Posted by Markus Armbruster 10 months ago
John Snow <jsnow@redhat.com> writes:

> differentiate between "actively in the process of checking" and
> "checking has completed". This allows us to clean up the types of some
> internal fields such as QAPISchemaObjectType's members field which
> currently uses "None" as a test for determining if check has been run
> already or not.
>
> This simplifies the typing from a cumbersome Optional[List[T]] to merely
> a List[T], which is more pythonic: it is safe to iterate over an empty
> list with "for x in []" whereas with an Optional[List[T]] you have to
> rely on the more cumbersome "if L: for x in L: ..."

Does this cumbersome form exist?

> Note that it is valid to have an empty members list, see the internal
> q_empty object as an example.

Yes.

.members becomes valid only in .check().  Before the patch, .__init__()
initializes it to None, and .check() sets it to the real value.  We use
assert .members is not None to catch invalid use.  We can also hope
invalid use without an assert would crash.  for m in .members would.

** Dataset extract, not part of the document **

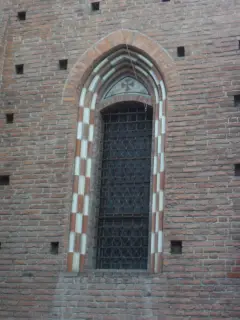 Finestra gotica - Chiesa di Santa Maria del Carmine a Alessandria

We've seen this pattern before: PATCH 4+5.  There, we change .__init__()
to declare the attribute without initializing it.  Use before it becomes
valid now certainly crashes, which is an improvement.  Why can't we do
the same here?

> Signed-off-by: John Snow <jsnow@redhat.com>
> ---
>  scripts/qapi/schema.py | 24 +++++++++++++++---------
>  1 file changed, 15 insertions(+), 9 deletions(-)
>
> diff --git a/scripts/qapi/schema.py b/scripts/qapi/schema.py
> index eefa58a798b..0d9a70ab4cb 100644
> --- a/scripts/qapi/schema.py
> +++ b/scripts/qapi/schema.py
> @@ -20,7 +20,7 @@
>  from collections import OrderedDict
>  import os
>  import re
> -from typing import List, Optional
> +from typing import List, Optional, cast
>  
>  from .common import (
>      POINTER_SUFFIX,
> @@ -457,22 +457,24 @@ def __init__(self, name, info, doc, ifcond, features,
>          self.base = None
>          self.local_members = local_members
>          self.variants = variants
> -        self.members = None
> +        self.members: List[QAPISchemaObjectTypeMember] = []
> +        self._checking = False
>  
>      def check(self, schema):
>          # This calls another type T's .check() exactly when the C
>          # struct emitted by gen_object() contains that T's C struct
>          # (pointers don't count).
> -        if self.members is not None:
> -            # A previous .check() completed: nothing to do
> -            return
> -        if self._checked:
> +        if self._checking:
>              # Recursed: C struct contains itself
>              raise QAPISemError(self.info,
>                                 "object %s contains itself" % self.name)
> +        if self._checked:
> +            # A previous .check() completed: nothing to do
> +            return
>  
> +        self._checking = True
>          super().check(schema)
> -        assert self._checked and self.members is None
> +        assert self._checked and not self.members
>  
>          seen = OrderedDict()
>          if self._base_name:
> @@ -489,13 +491,17 @@ def check(self, schema):
>          for m in self.local_members:
>              m.check(schema)
>              m.check_clash(self.info, seen)
> -        members = seen.values()
> +
> +        # check_clash is abstract, but local_members is asserted to be
> +        # List[QAPISchemaObjectTypeMember]. Cast to the narrower type.
> +        members = cast(List[QAPISchemaObjectTypeMember], list(seen.values()))
>  
>          if self.variants:
>              self.variants.check(schema, seen)
>              self.variants.check_clash(self.info, seen)
>  
> -        self.members = members  # mark completed
> +        self.members = members
> +        self._checking = False  # mark completed
>  
>      # Check that the members of this type do not cause duplicate JSON members,
>      # and update seen to track the members seen so far. Report any errors

I think you missed these:

       def is_empty(self):
           assert self.members is not None
           return not self.members and not self.variants

       def has_conditional_members(self):
           assert self.members is not None
           return any(m.ifcond.is_present() for m in self.members)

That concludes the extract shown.